Von stefanie greiner 26.06.2013, 20:52
Von Politikverdrossenheit keine Spur: Die Teilnehmer des Plan- und Rollenspiels Modell Europa-Parlament machen alle freiwillig mit.
Von Politikverdrossenheit keine Spur: Die Teilnehmer des Plan- und Rollenspiels Modell Europa-Parlament machen alle freiwillig mit. thomas meinicke Lizenz

halle/MZ - Eilig huscht Kai Krause durch die Tischreihen im großen Sitzungssaal des Stadthauses. Sein Schlips schlenkert nach links und rechts. Der 17-jährige Schüler des Landesgymnasiums „Latina“ muss sich beeilen. Denn die Plenardebatte sollte eigentlich schon vor zwei Minuten beginnen.

Interesse für Politik

Wo sonst der Stadtrat tagt, haben am Mittwoch rund 40 Schüler die Arbeit des Europäischen Parlamentes nachgespielt. „Natürlich interessieren sich nicht alle Schüler für Politik“, sagt Sozialkundelehrerin Anke Mittler. Das Modell Europa-Parlament sei aber ein Beispiel dafür, dass es genug Jugendliche gebe, die sich sehr wohl für die Politik begeistern lassen.

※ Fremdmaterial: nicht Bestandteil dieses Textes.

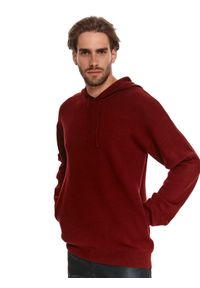 TOP SECRET - Bluza swetrowa z miękkiej dzianiny. Kolor: czerwony. Materiał: dzianina. Długość rękawa: długi rękaw. Długość: długie. Wzór: gładki. Sezon: zima, jesień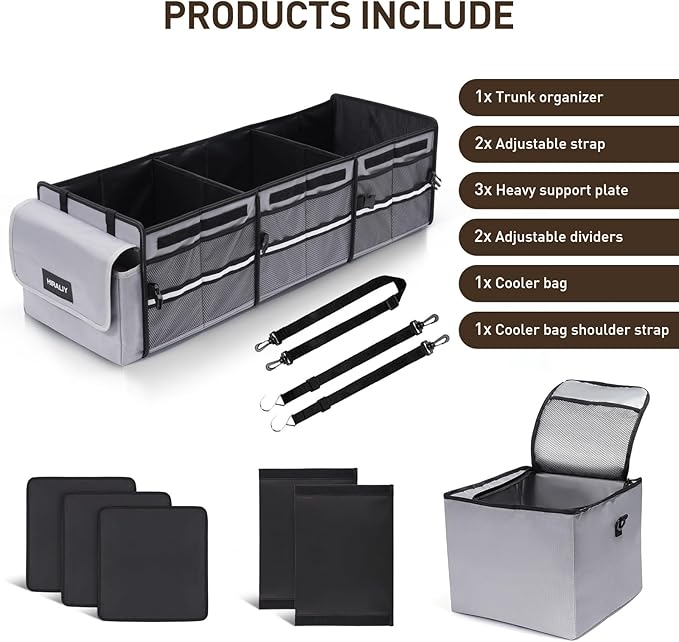 HIRALIY 4 in 1 Car Trunk Storage Organizer, Multi Compartment Foldable Trunk Storage Box with Leakproof Insulated Bag for Car Truck SUV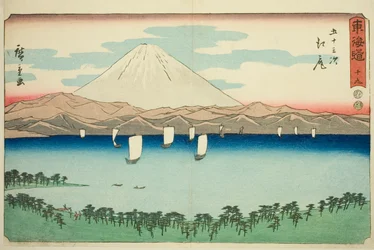 Ejiri—Nr. 19, aus der Serie "Dreiundfünfzig Stationen des Tokaido (Tokaido gojusan tsugi)," auch bekannt als der Reisho Tokaido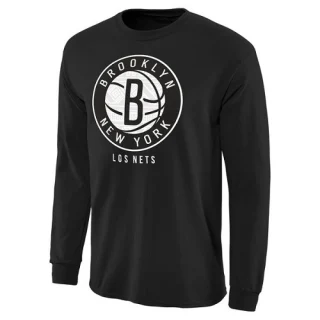 Men's Brooklyn Nets Black Noches Enebea Long Sleeve T-Shirt -
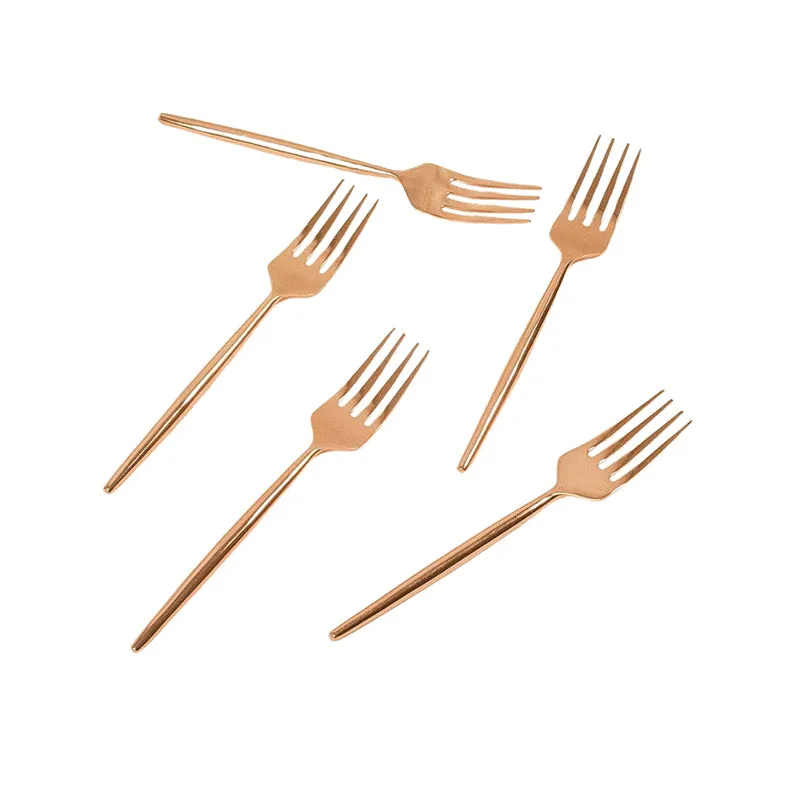 Gilded Tines Copper Dessert Fork - Set Of Six media 5
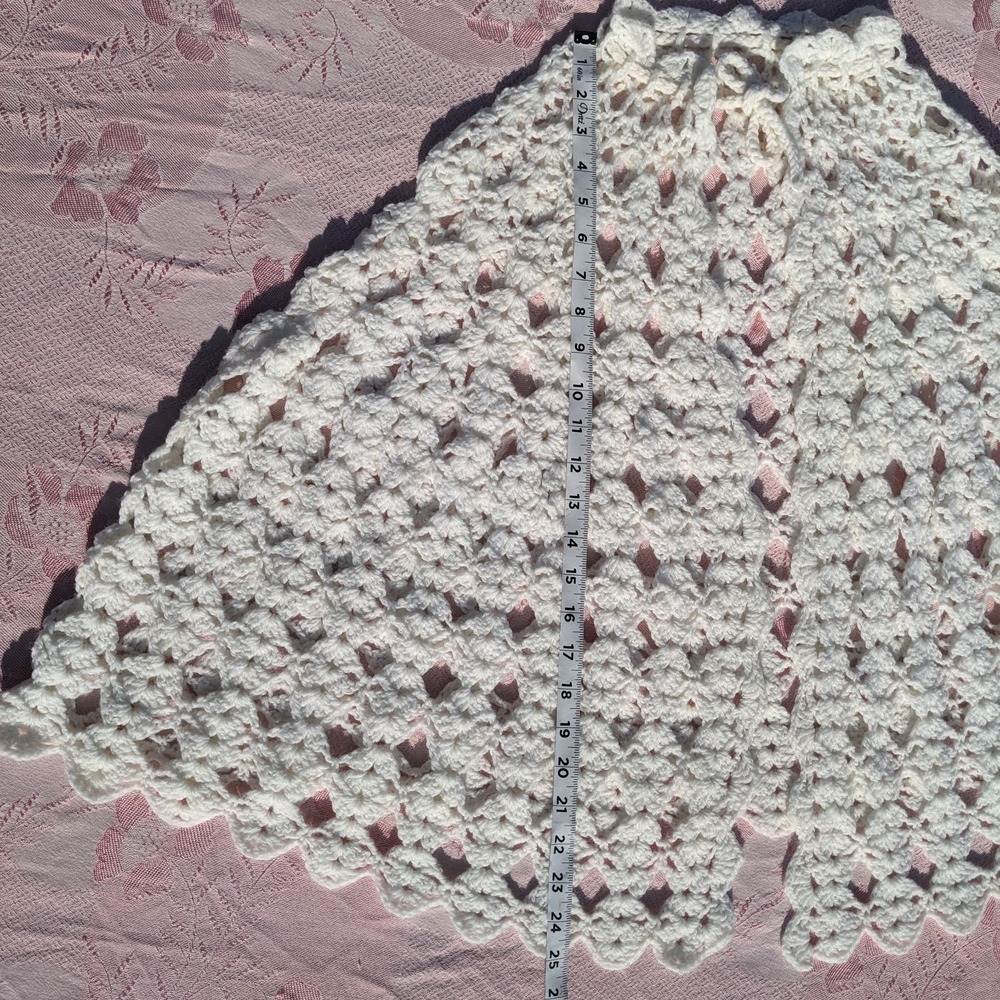 Vintage Handmade Crochet Poncho Cape Women's White Cottage Cardigan Shawl Knit - Picture 9 of 11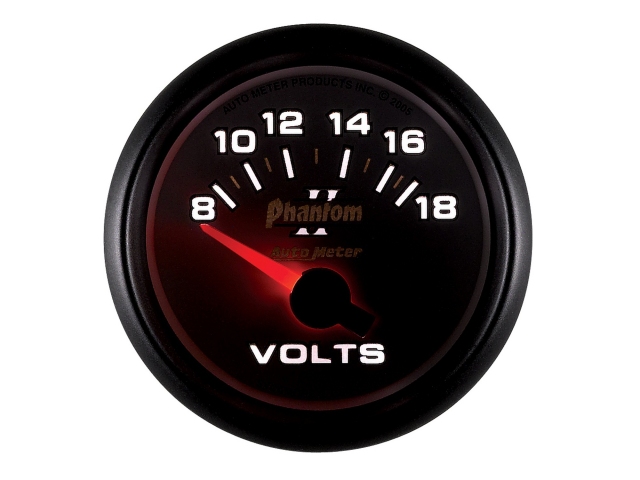 Auto Meter Phantom II Air-Core Gauge, 2-1/16", Voltmeter (8-18 Volts) - Click Image to Close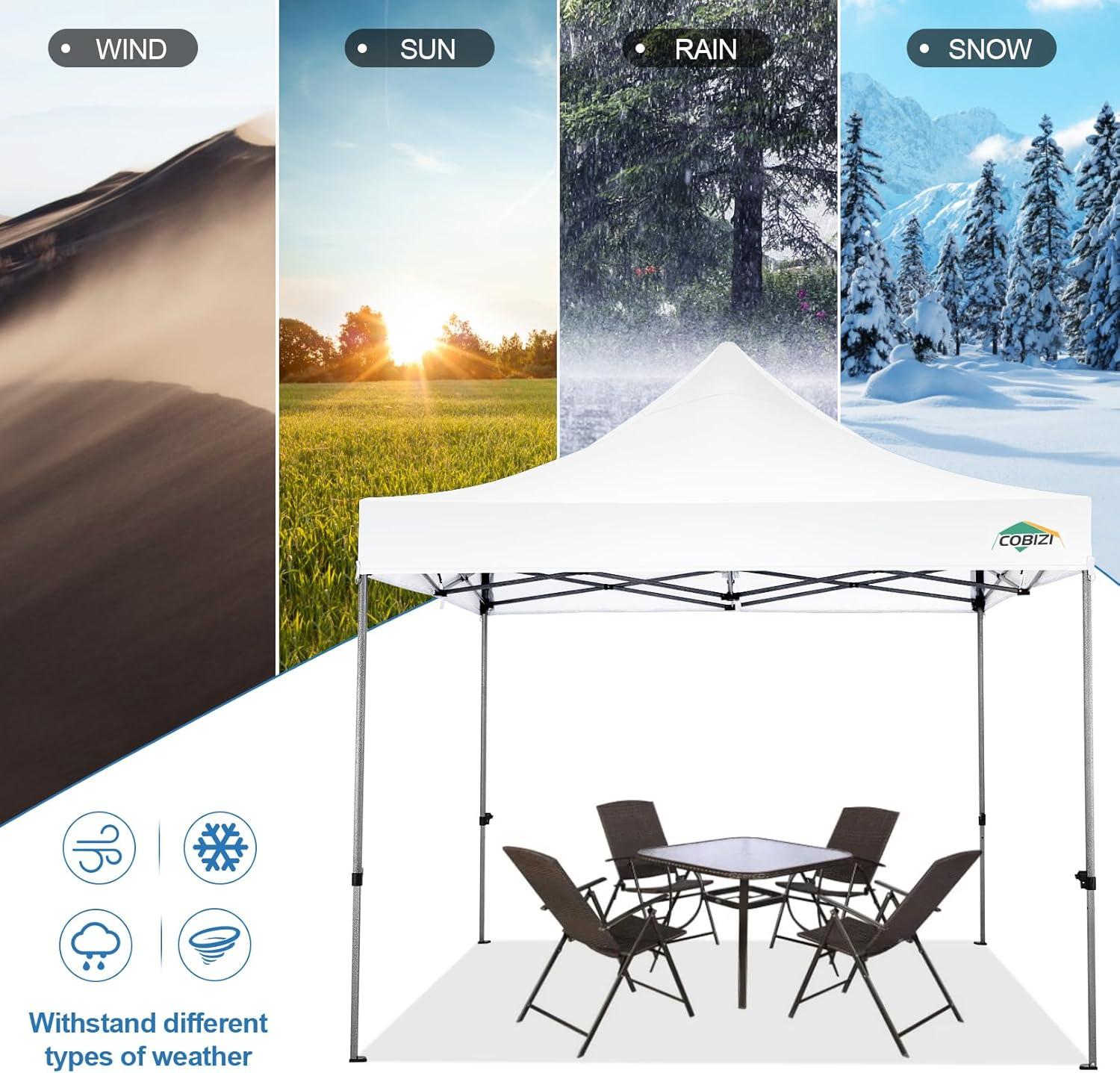 image:imageCOBIZI 10x30 Pop up Canopy Tent 10x30 Canopy with Sidewalls Heavy Duty Party Tent Tents for Parties Foldable UPF 50 Waterproof Commercial Easy up Canopy with Roller Bag BlackWindproof UpgradedWhite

Bei dem Plan- und Rollenspiel schlüpften die Neunt- bis Elfklässler in die Rollen von Abgeordneten. Sie setzten sich bereits am Montag und Dienstag in Ausschüssen zusammen und entwickelten Lösungen für politische Probleme. Bei den Schülern der Latina waren das dieses Mal die Bekämpfung der Jugendarbeitslosigkeit, das Zusammenspiel von Landwirtschaft und Umwelt sowie das Energiesparverhalten der Bürger.

Dann verstummt das Flüstern im Saal. Ihre Blicke zum Präsidium gerichtet, stehen die jungen Delegierten von ihren Stühlen auf. Sie haben sich alle richtig herausgeputzt: Die jungen Frauen tragen Blazer. Ihre Mitschüler haben sich ebenfalls mächtig in Schale geschmissen.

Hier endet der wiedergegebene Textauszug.